E se você acha que “investir” em outros países, principalmente mais necessitados – na América Latina ou na África – em lugares nos quais as pessoas necessitam também de um mínimo de estrutura para viver - repito, investir, colocar dinheiro e depois receber de volta -, é cometer um crime, e se o fato de em determinados casos não ter recebido o retorno do investimento, por problemas dos países destinatários – é um crime do Brasil (lembrando inclusive que o Brasil já recebeu investimentos de outros países e deixou de pagar várias vezes em sua recente história);

E, por fim, se você concorda que política se faz comprando votos e apoios de parlamentares, permitindo a liberação de emendas apenas para os que estiverem ao lado do governo aprovando seus projetos para emplacar ideias que, de outra forma, não avançariam. E se você concorda que política se faz acuando a ameaçando outros poderes instituídos da República, xingando e desmerecendo seus integrantes em público, insuflando o povo contra esta ou aquela autoridade, tensionando a harmonia necessária entre os poderes para que o país siga usufruindo de um estado democrático de direito;

Se você concorda com tudo isso, então realmente você não deve votar no candidato da atual oposição.

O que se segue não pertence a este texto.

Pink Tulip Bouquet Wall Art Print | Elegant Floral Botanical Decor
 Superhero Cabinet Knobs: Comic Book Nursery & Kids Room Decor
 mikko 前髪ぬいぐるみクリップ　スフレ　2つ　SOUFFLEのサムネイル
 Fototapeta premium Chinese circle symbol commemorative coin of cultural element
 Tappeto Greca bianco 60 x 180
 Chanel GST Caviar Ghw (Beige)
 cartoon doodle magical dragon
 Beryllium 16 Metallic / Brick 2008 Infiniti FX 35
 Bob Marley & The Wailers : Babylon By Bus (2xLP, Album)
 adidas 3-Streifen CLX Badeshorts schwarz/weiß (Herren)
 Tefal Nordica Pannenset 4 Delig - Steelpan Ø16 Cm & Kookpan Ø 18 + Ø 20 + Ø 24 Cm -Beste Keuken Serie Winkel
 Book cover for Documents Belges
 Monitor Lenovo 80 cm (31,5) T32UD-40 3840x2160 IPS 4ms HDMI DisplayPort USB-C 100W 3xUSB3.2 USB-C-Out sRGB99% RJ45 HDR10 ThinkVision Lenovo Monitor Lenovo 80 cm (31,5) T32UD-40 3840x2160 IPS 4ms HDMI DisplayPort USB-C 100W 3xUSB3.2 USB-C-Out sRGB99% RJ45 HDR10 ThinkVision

Vote tranquilo no candidato da situação. Mas assuma que você não está votando nesse candidato porque o candidato da oposição é ladrão e você não quer ladrão no governo. Assuma que você vota assim porque é, também, conservador, concorda e se identifica com essa pauta conservadora, que não aceita incluir a diversidade na sociedade, que não quer viver lado a lado, compartilhando espaços e direitos iguais com pessoas negras, indígenas, mulheres, pessoas LGBT, pessoas menos favorecidas, pessoas marginalizadas, pessoas que enfrentam problemas de saúde causados pelas drogas, enfim, com qualquer pessoa que seja um pouco diferente de você. Assuma que para você todos são iguais, desde que todos sejam iguais a você.